A peer-led program which motivates high school students to improve their physical activity, diet and overall wellbeing reached Narrabri High School on Monday, June 26, hosted by HealthWISE.
As part of the Students As LifeStyle Activists (SALSA) regional program, students from the University of Newcastle Department of Rural Health trained 22 year 10 students to deliver interactive lessons to year eight students.
“The Narrabri students were engaged, animated and kept the university students on their toes,” HealthWISE health and wellbeing officer Emma Knights said.
“It was really enlightening to see the transformative process each student went through throughout the day. Their confidence, leadership ability and teamwork really grew,” she said.
The program is proudly funded by the NSW Government’s Regional Youth Investment Program, which aims to empower youth in the New England North West region.
“The university students did a fantastic job in co-facilitating the workshop,” said Kym Rizzo Liu, project manager of the Western Sydney Prevention Education and Research Unit (PERU). She believes SALSA is an example of the importance of combining health and education.
“The year 10 students who trained as SALSA peer leaders rose to the occasion and displayed excellent leadership skills,” she said.
Students participated eagerly in outdoor activities such as ultimate frisbee and lunchbox bingo. The dinner plate relay was particularly competitive as students raced to fill their plates with cards representing protein, grains, vegetables and herbs. They prepared a school action plan focusing on making good use of the school’s generous oval.

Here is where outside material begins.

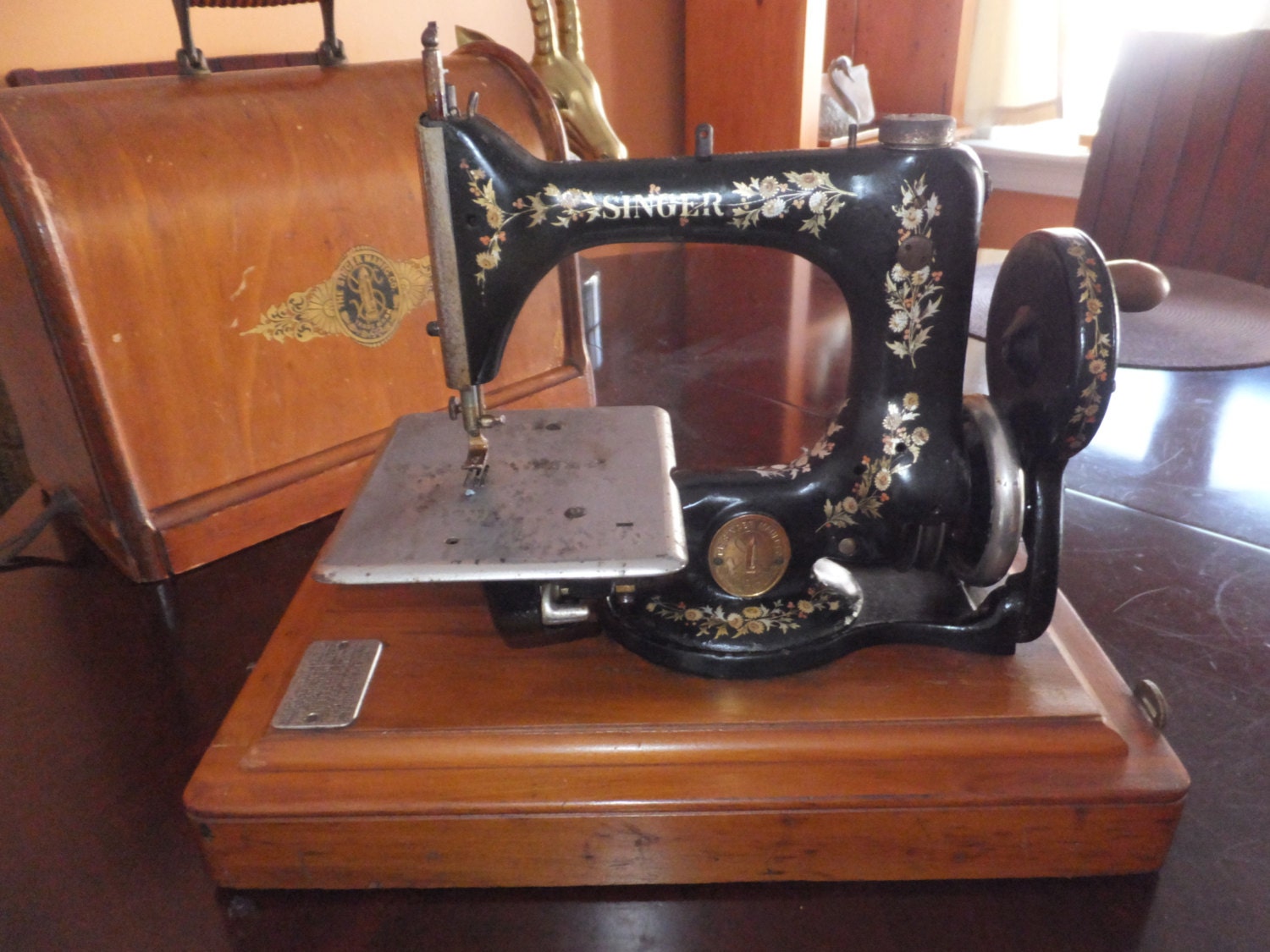 vintage singer sewing machine models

“We’ve done educational stuff that’s actually been really fun,” year 10 student Jacky Ham said.
“It’s educational and practical,” classmate Dakoda Bower added.
Looking forward to sharing their knowledge, the pair agreed that the younger students will be more likely to respond to health education from their peers than adults. They felt that it is important to start thinking about their health while they are still young.
“So (that) when you get older – especially when you go into uni and jobs – you can learn how to take care of yourself and have a routine,” Jacky said.
The day finished with the group practicing their peer leaderships skills and discussing what they’d gained from the workshop. The students enjoyed the outdoor games and working with new people. They gained a new perspective on health, with the importance of sleep hygiene sinking in for many.
A SALSA workshop was also held at Glen Innes High and another will run in Tamworth with Gunnedah High and Oxley High this week. The program has already reached 23,000 students across the country, fostering leadership and team building skills, and improving their health literacy.